For as great as Peyton Manning is, he is criticized for folding under pressure. A Super Bowl victory in 2006 squashed that talk, however with Manning’s performance in the Super Bowl in crunch time, I think the talk may circulate again.
Had he attained a second Super Bowl win, Manning would have secured himself as either the best, or the second best quarterback of all time. There is absolutely zero argument otherwise. The only starting quarterbacks that would have had more rings than him would be Terry Bradshaw, Joe Montana, Troy Aikman, and Tom Brady.
Not that Super Bowl’s are the determining factor though, but when you also add in the statistics Manning has, and will continue to put up combined with a would-be two rings, and he would be number one on my list.
That didn’t happen though and he threw a pick-six to Tracy Porter with 3:24 remaining, just 28 yards away from tying the game. This was after he forced two balls into coverage that could have easily been picked off, possibly even housed by New Orleans.
The interception was on Reggie Wayne as well as Manning, however the greatest quarterback of all time does not throw that pick — period. It’s why calling Brett Favre the best quarterback of all time is a complete joke. It’s often forgotten, but Favre has by far the most interceptions thrown in NFL history with 317 picks, 40 more than the next closest. The greatest ever does not turn the ball over that much.
Where does Brees rank?
Brees now has a ring on his finger, and deserves mentioning with the greatest ever. I’m not sure that he’s top ten yet, but when it’s all said and done he has a shot. Another ring or two combined with seasons similar to this year, and he’s top-five. Super Bowls do not make or break a quarterback, but to be considered the greatest, you have to have to win a Super Bowl or two.
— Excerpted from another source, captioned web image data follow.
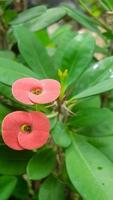 schöne rote kleine Blume auf dem grünen Blatt foto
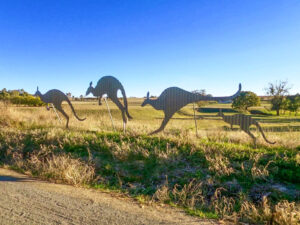 The corrugated iron kangaroos take off as you approach White Hut [2017]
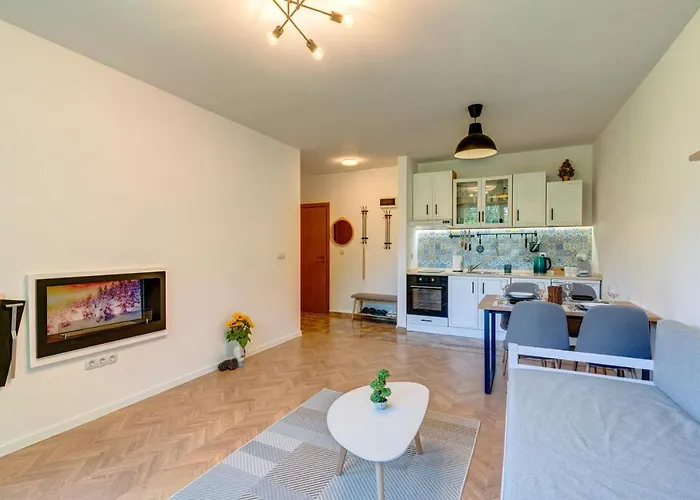 公寓 Kometa Cozy 1-bd Flat By Flat Mаnager 潘波洛沃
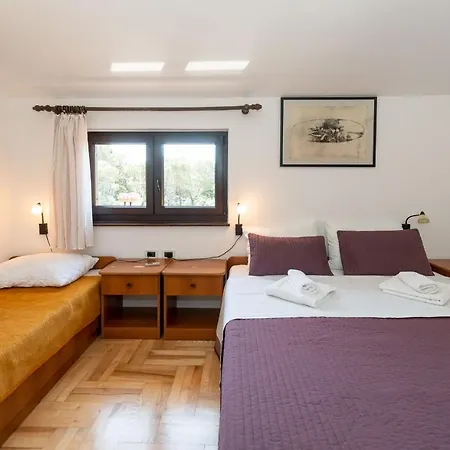 House Mitic Apartman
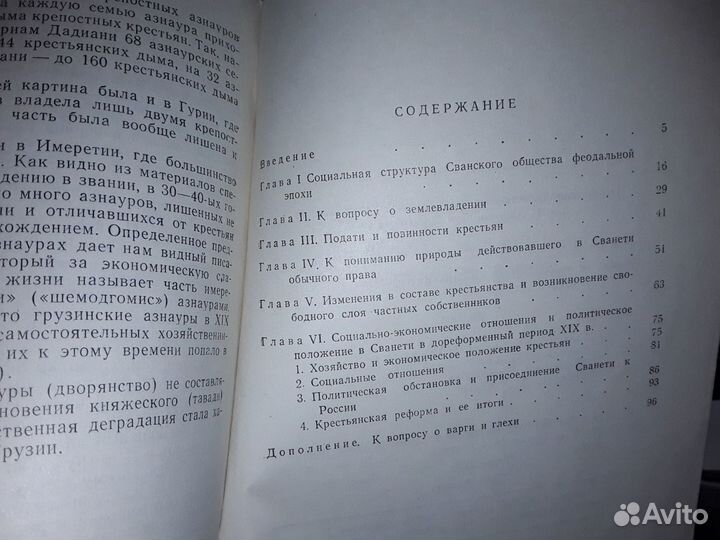 Гасвиани Г. Социально-экономическая структура Сван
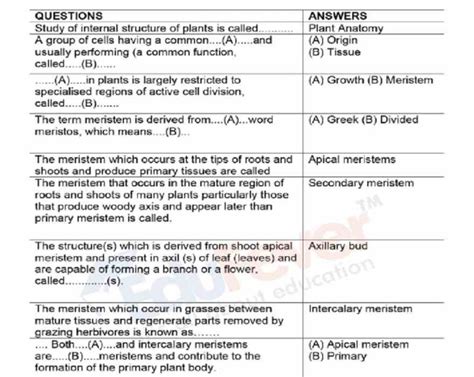 Anatomy Of Flowering Plants Revision Notes For Neet Entrance Exam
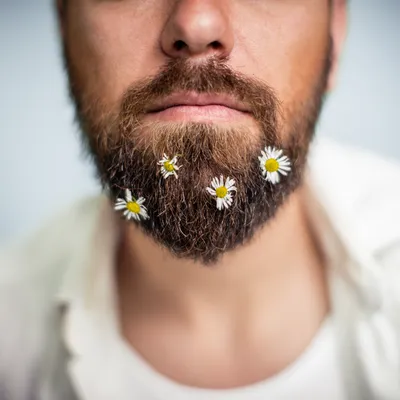Моделирование бороды в Roots Mens Cut - индивидуальный стиль для мужчин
Simply winning Super Bowls is not enough either, as you have to match the rings with your own numbers.
Brees has a good chance to get back to, and possibly win another Super Bowl, and if he continues to put up his recent numbers, he has to be mentioned with some of the greatest to ever play.
The only thing that matters to Saints fans, is he was the best quarterback when it mattered most, and arguably the best during the regular season too (completing 70-percent of your passes has to count for something).
The best play of the game was not made by MVP Brees though, but by Chris Reis, a backup and special teams player who recovered the surprise onside kick by the Saints to start the second half. The recovery was nice, but the call made by head coach Sean Payton was even better. Payton called an aggressive game, and even when it didn’t work (failed 4th and goal from the 1 yard line, and an end-around that lost 7 yards) he never backed away from his belief and philosophy, and it paid off in the end and it got the city of New Orleans a new and shiny Lombardi trophy.
Why couldn’t Bill Parcells have retired from Dallas after the 2005 season, and have Payton be promoted to head coach in 2006? Instead, he goes to New Orleans with Brees, Bush, and company, and three years later is a Super Bowl champion. That’s another story altogether though.
Now with New Orleans crowned champs, all 32 teams are back in the same seat as every other team — preparing for the NFL draft, and starting the whole process over again for a sure-to-be exciting 2010 season.
The seven month stretch without football is always a long one however.